Data section -
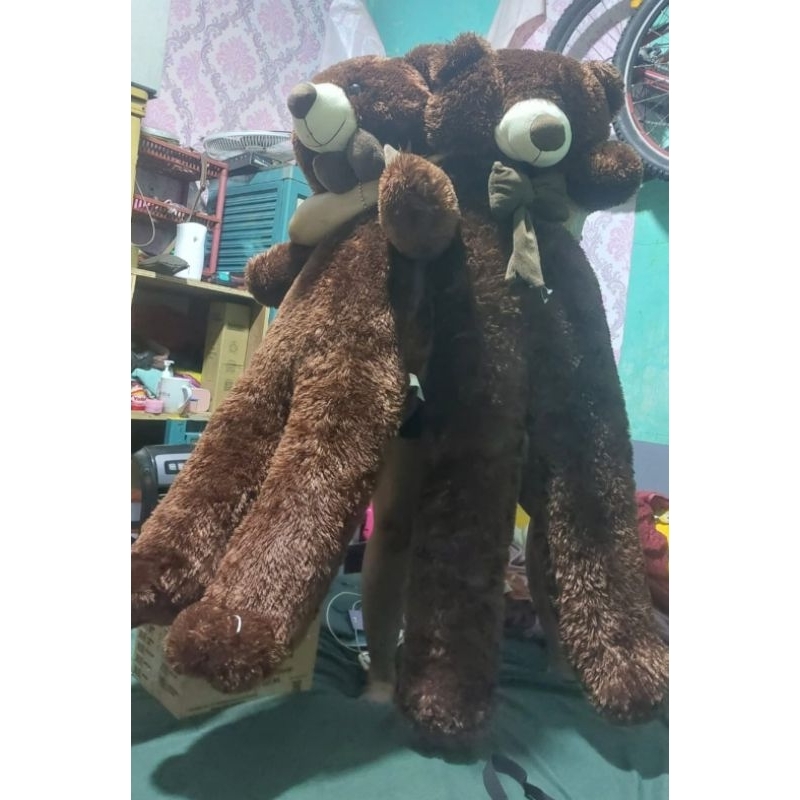 boneka teddy bear jumbo
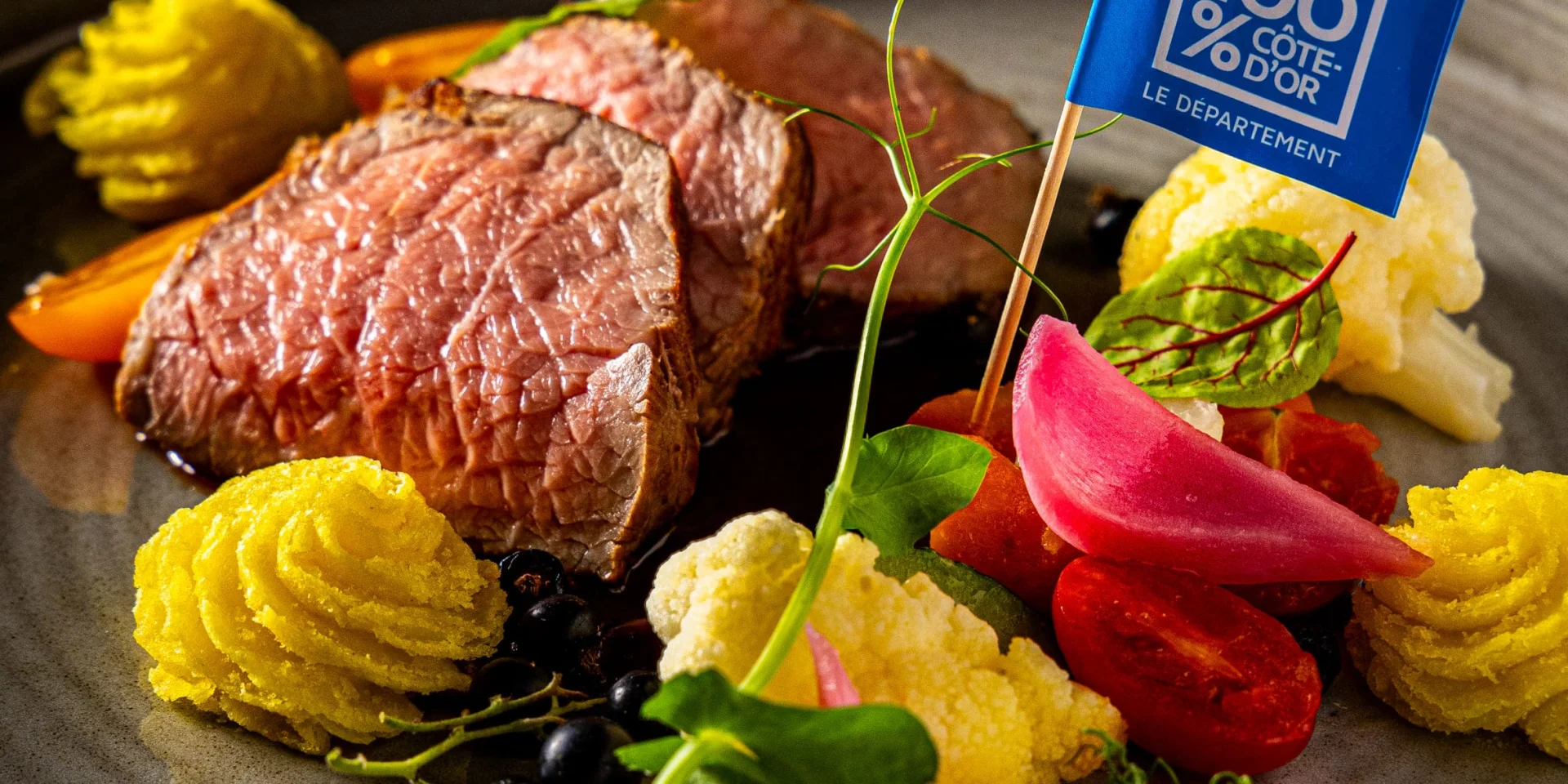 Pave De Boeuf Charolais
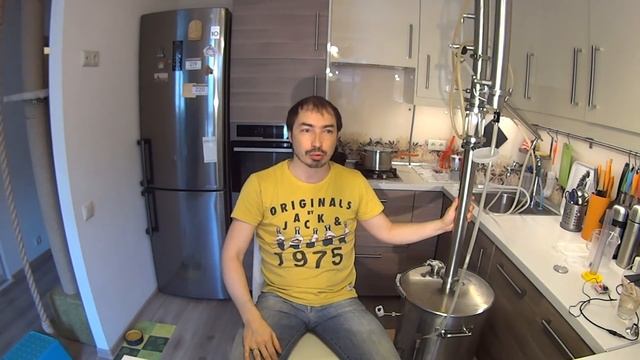 Все смузи попадают в рай, или Адское смузи ч3. Дробная перегонка ароматного дистиллята смотреть онлайн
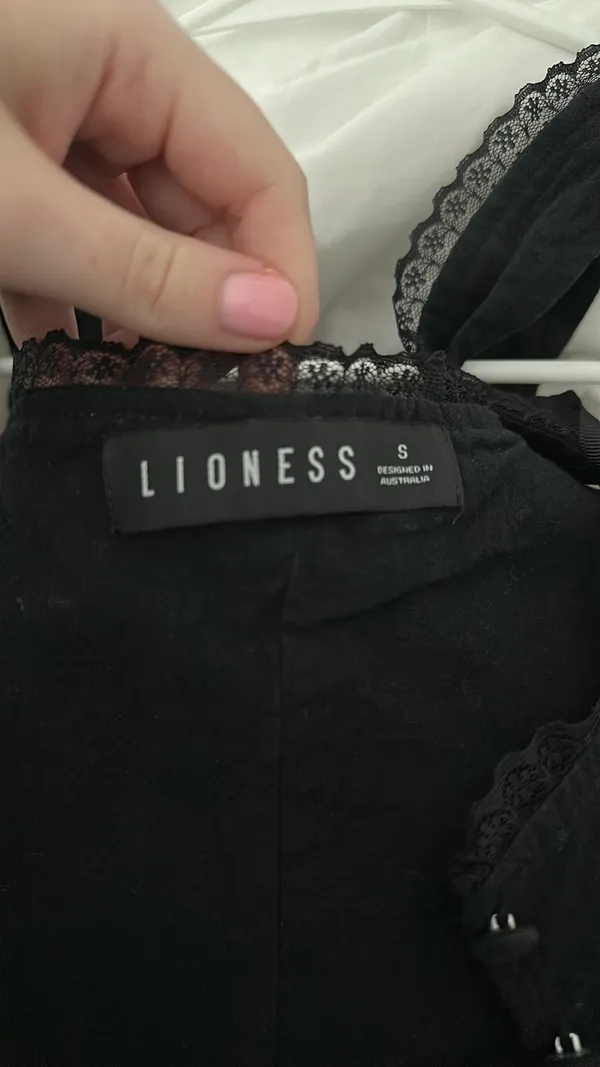 Revolve Lioness Cami - Image 3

Try it - Give back the material word for word and drop the pictures it holds.

Solution to this task -
 boneka teddy bear jumbo
 Pave De Boeuf Charolais
 Все смузи попадают в рай, или Адское смузи ч3. Дробная перегонка ароматного дистиллята смотреть онлайн
 Revolve Lioness Cami - Image 3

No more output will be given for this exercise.